Hundreds attend spaghetti dinner to help 9-month-old with birth defect

YOUNGSTOWN — Since childhood, 21-year-old Anthony Dapruzzo has been highly adept at computer programming and electronics.
More recently, a big part of the program has been donating computers and doing all he can to help his infant brother financially and emotionally.
“I’m just here for him. I just want to see him succeed in life. We have a very close bond,” explained Dapruzzo, referring to his 9-month-old brother, Derek Markley Jr., who was born with a cleft lip and no palate and requires special feedings and care.
Dapruzzo put his desires into action by being among the hundreds of family members, friends and others who attended a Sauce and Song spaghetti dinner fundraiser Sunday at St. Patrick’s Church, 1410 Oak Hill Ave., on the South Side.
The church, in conjunction with the Youngstown State University Phi Kappa Phi Honor Society, hosted the event to help defray costs associated with corrective surgeries, including one next month, the child will need for the condition, noted his mother, Megan Markley of Kinsman.
Funds also will go toward a collapsible wagon that Derek will need when he’s about age 8 and his bone structure is strong enough to allow him to undergo a complete palate repair. That operation will entail having part of a hip bone grafted to make a new palate, which will render him unable to walk for six weeks to three months, Markley explained.
The benefit dinner’s initial $500 goal was easily exceeded, noted Karen Becker, Phi Kappa Phi’s president, who decided that the organization’s service project would be to sponsor the gathering.
Complete cleft palates are pronounced, abnormal separations of the roof of the mouth and/or the lip that can extend the whole length of the palate.

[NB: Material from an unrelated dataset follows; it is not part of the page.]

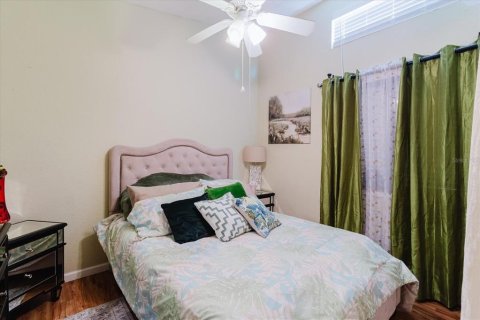 Townhouse in Pinellas Park, Florida 2 bedrooms, 110.55 sq.m. № 2223297 - photo 28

In some cases, the person may have no developed palate, according to the National Craniofacial Association’s website.
“He was first born with a cleft lip, and I knew a few months before he was born that he would be that way,” Derek’s mother recalled.
Soon after his birth, Derek received but rejected an orthodontic device in his mouth to help improve the shape of his nose in a procedure called nasoalveolar molding, or NAM. The device acted as a makeshift palate, explained Markley, who left Youngstown-based Integra Excavating LLC after five years to care for Derek after having worked in the business’s human-resources department, as well as an accountant, an employee-rights advocate and in other capacities.
Consequently, a hook was placed in Derek’s nose complemented with tape near his lip to keep his nose properly elevated and prevent it from continuing to open, Markley pointed out. The boy’s mother added that during his first surgery Nov. 22, a gap between his upper lip and nose was sutured.
Complicating the picture for Derek and his family was an ancillary condition he developed called silent aspiration, a swallowing disorder in which food and fluids can enter the lungs or airway without any coughing or other discernible signs of difficulty, she continued.
Markley also is a natural-health practitioner, so she made packets of organic thickened milk free of preservatives, with the consistency of pudding, to nurse him and prevent him from aspirating. Derek’s mother also gives him daily massages from his neck down to help him relax and improve his circulation, she added.
Despite predictions from some in his team of doctors, Derek, who also has very sensitive skin, continues to thrive. He is happy and content most of the time, she said.
“He’s defied all of the odds, every one of them,” Markley added.
Derek’s next surgery is scheduled for March 4 at University Hospitals Rainbow Babies & Children’s Hospital in Cleveland. He is to undergo a procedure to reopen his lip, attach certain muscles, elevate his nose and close the lip, Markley explained.
“The first few months [of his life] were exhausting, so we were grateful at month four when he was able to take a bottle and keep it down,” said Marsha Bucciarelli of Brookfield, Derek’s grandmother.
Despite all of the challenges Derek has dealt with in his short life, the infant has a sharp sense of curiosity and acute awareness of his surroundings, Dapruzzo observed.
“He’s very smart. I see a lot of myself in him, and it’s beautiful,” Dapruzzo said.
The fundraiser also included a 50/50 raffle of 104 gift baskets, as well as a performance courtesy of YSU’s Pella Penguins, a co-ed a cappella group.